Gobel continued to talk for a few minutes, but getting no greater satisfaction, the trio returned home.

When night came, Willis accompanied me on horseback to my home. Mother, who had anxiously searched for me everywhere—being afraid that something had befallen me at the hands of the Gobels—was delighted to see me, notwithstanding the difficulty in which I had become involved. I at once told her that at present I was afraid to remain at home, and had accordingly made up my mind to absent myself for a few weeks or months—at least until the excitement should die out. Mr. Willis said to her that he would take me to Fort Kearney with him, and see that I was properly cared for, and would bring me back safely in forty days.

Mother at first seriously objected to my going on this trip fearing I would fall into the hands of Indians. Her fears, however, were soon overcome, and she concluded to let me go. She fixed me up a big bundle of clothing and gave me a quilt. Kissing her and my sisters a fond farewell, I started off on my first trip across the plains, and with a light heart too, notwithstanding my trouble of a few hours before.

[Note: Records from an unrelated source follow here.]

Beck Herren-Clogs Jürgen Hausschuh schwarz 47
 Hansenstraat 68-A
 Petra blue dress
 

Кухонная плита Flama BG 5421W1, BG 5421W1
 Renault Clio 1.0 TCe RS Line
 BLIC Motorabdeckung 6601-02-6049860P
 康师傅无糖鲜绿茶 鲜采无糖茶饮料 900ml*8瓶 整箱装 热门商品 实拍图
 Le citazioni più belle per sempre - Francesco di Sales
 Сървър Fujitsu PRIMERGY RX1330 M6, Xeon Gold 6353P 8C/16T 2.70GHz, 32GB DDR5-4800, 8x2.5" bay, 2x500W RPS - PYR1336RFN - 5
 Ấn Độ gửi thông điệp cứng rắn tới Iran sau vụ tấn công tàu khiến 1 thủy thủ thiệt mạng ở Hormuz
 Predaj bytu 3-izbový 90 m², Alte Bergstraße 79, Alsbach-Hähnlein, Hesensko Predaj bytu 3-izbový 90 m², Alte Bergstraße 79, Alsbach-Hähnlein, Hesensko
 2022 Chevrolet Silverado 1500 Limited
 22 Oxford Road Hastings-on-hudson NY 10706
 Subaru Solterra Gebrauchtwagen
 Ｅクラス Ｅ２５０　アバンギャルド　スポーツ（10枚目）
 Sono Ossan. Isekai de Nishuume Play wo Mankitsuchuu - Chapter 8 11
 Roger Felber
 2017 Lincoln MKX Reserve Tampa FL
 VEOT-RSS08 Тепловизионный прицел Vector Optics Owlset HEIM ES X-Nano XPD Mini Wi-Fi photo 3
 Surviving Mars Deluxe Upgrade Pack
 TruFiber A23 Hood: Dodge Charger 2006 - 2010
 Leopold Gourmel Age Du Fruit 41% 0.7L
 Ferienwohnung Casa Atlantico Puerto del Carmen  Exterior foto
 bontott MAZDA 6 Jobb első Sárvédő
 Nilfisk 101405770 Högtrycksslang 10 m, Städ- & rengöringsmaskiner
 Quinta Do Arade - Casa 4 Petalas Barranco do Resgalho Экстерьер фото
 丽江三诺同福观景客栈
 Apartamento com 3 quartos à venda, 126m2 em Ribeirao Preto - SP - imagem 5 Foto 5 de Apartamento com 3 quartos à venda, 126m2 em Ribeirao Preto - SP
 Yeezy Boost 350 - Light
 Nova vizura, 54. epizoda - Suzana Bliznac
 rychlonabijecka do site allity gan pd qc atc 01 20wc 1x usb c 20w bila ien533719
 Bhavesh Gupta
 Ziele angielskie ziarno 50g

The trip proved a most enjoyable one to me, although no incidents worthy of note occurred on the way. On my return from Fort Kearney I was paid off the same as the rest of the employees. The remainder of the summer and fall I spent in herding cattle and working for Russell, Majors & Waddell.

I finally ventured home—not without some fear, however, of the Gobel family—and was delighted to learn that during my absence mother had had an interview with Mr. Gobel, and having settled the difficulty with him, the two families had become friends again, and I may state, incidentally, that they ever after remained so. I have since often met Stephen Gobel, and we have had many a laugh together over our love affair and the affray at the school-house. Mary Hyatt, the innocent cause of the whole difficulty, is now married and living in Chicago. Thus ended my first love scrape.